So, it remains to prove $\text{(1)}$ and $\text{(2)}$. We will closely follow OP's computation (but in a rigorous manner) in order to establish both identites.

Proof of $(1)$. For $|x| < 1$, expanding the integrand as a power series in $t$ and applying Fubini's theorem gives

\begin{align*} -\int_{0}^{x} \frac{2t}{1+t^2} \operatorname{artanh}(xt) \, \mathrm{d}t &= -2 \int_{0}^{x} \biggl( \sum_{j=0}^{\infty} (-1)^j t^{2j+1} \biggr) \biggl( \sum_{k=0}^{\infty} \frac{(xt)^{2k+1}}{2k+1} \biggr) \, \mathrm{d}t \\ &= -2 \sum_{j=0}^{\infty} \sum_{k=0}^{\infty} (-1)^j \frac{x^{2k+1}}{2k+1} \int_{0}^{x} t^{2j+2k+2} \, \mathrm{d}t \\ &= 2 \sum_{j=0}^{\infty} \sum_{k=0}^{\infty} \frac{(-1)^k x^{2k+1}}{2k+1} \cdot \frac{(-1)^{k+j+1}x^{2k+2j+3}}{2k+2j+3} \\ &= 2 \sum_{0\leq k < l} \frac{(-1)^k x^{2k+1}}{2k+1} \cdot \frac{(-1)^{l}x^{2l+1}}{2l+1} \\ &= \biggl( \sum_{k=0}^{\infty} \frac{(-1)^k x^{2k+1}}{2k+1} \biggr)^2 - \sum_{k=0}^{\infty} \frac{x^{2(2k+1)}}{(2k+1)^2} \\ &= (\arctan x)^2 - \chi_2(x^2). \end{align*}

This proves $\text{(1)}$ for $|x| < 1$. Since both sides of $\text{(1)}$ are continuous at $x = 1$ from the left, the validity of $\text{(1)}$ extends to $x = 1$, proving the desired identity.

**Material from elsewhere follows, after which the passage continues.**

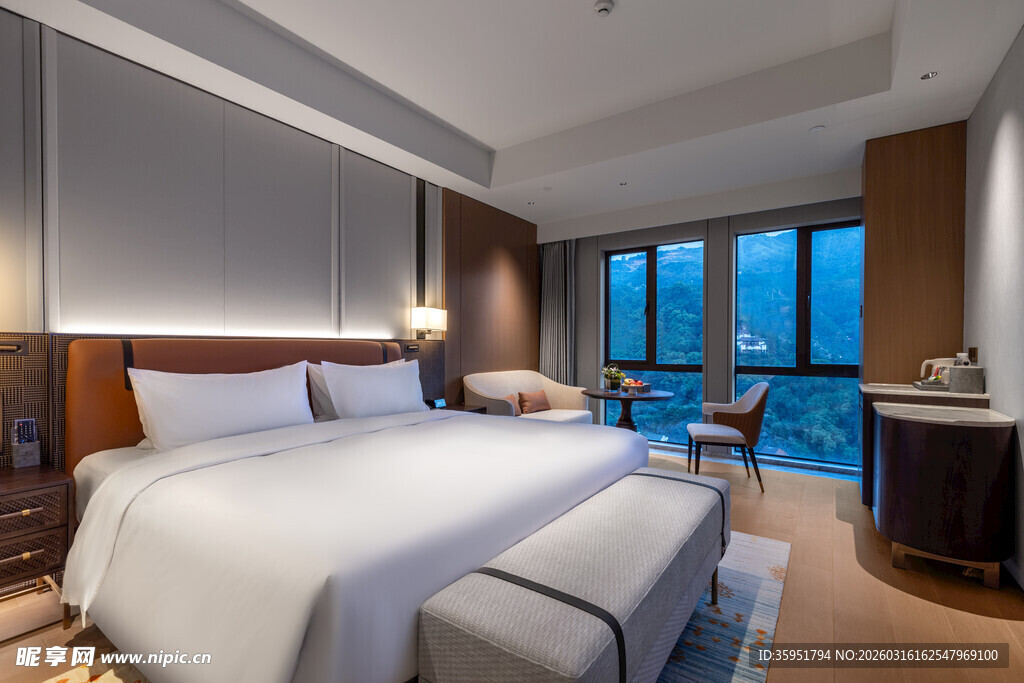 豪华现代风格的舒适卧室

Proof of $(2)$. Let $|x| < 1$. Proceeding similarly as above,

\begin{align*} \int_{0}^{x} \frac{2t}{1+t^2} \operatorname{artanh}(t/x) \, \mathrm{d}t &= \int_{0}^{1} \frac{2x^2t}{1+x^2t^2} \operatorname{artanh} t \, \mathrm{d}t \\ &= 2 \sum_{j=0}^{\infty} \sum_{k=0}^{\infty} \frac{(-1)^j}{2k+1} x^{2j+2} \int_{0}^{1} t^{2k+2j+2} \, \mathrm{d}t \\ &= 2 \sum_{j=0}^{\infty} \sum_{k=0}^{\infty} \frac{(-1)^j x^{2j+2}}{(2k+1)(2k+2j+3)} \\ &= \sum_{j=0}^{\infty} (-1)^j x^{2j+2} \biggl( \sum_{k=0}^{\infty} \frac{2}{(2k+1)(2k+2j+3)} \biggr) \end{align*}

Now we focus on the inner sum in the last line. Applying partial fraction decomposition,

\begin{align*} \sum_{k=0}^{\infty} \frac{2}{(2k+1)(2k+2j+3)} &= \frac{2}{2j+2} \sum_{k=0}^{\infty} \biggl( \frac{1}{2k+1} - \frac{1}{2k+2j+3} \biggr) \\ &= \frac{2}{2j+2} \sum_{k=0}^{j} \frac{1}{2k+1} \\ &= \frac{1}{2j+2} \biggl(\sum_{k=0}^{j} \frac{1}{2k+1} + \sum_{k=0}^{j} \frac{1}{2(j-k)+1} \biggr) \\ &= \sum_{k=0}^{j} \frac{1}{(2k+1)(2(j-k)+1)}. \end{align*}

Plugging this back,

\begin{align*} \int_{0}^{x} \frac{2t}{1+t^2} \operatorname{artanh}(t/x) \, \mathrm{d}t &= \sum_{j=0}^{\infty} \sum_{k=0}^{j} \frac{(-1)^k x^{2k+1}}{2k+1} \cdot \frac{(-1)^{j-k} x^{2(j-k)+1}}{2(j-k)+1}, \end{align*}

which is the Cauchy product of the power series of $\arctan x$ with itself, completing the proof.

Answer 2

A solution 100% series free.

$x>0$, \begin{align}F(x)&=\int_0^x\frac{2t\text{arctanh}\left(\frac{t}{x}\right)}{1+t^2}dt\\ &\overset{u=\frac{1-\frac{t}{x}}{1+\frac{t}{x}}}=-2\int_0^1 \frac{(1-u)x^2\ln u}{(1+u)(x^2(1-u)^2+(1+u)^2)}du\\ &\overset{\text{IBP}}=\int_0^1 \left(\ln(1+u)-\frac{\ln\Big((1+u^2)(1+x^2)+2(1-x^2)u\Big)}{2}+\frac{\ln(1+x^2)}{2}\right)\frac{1}{u}du\\ &=\int_0^1\left(\frac{\ln(1+u)}{u}-\frac{\ln\left(1+u^2+2u\left(\frac{1-x^2}{1+x^2}\right)\right)}{2u}\right)du\\ \end{align}

$F$ can be extended continuously to $x=0$ and, using latter expression for $F$, one obtains $F(0)=0$.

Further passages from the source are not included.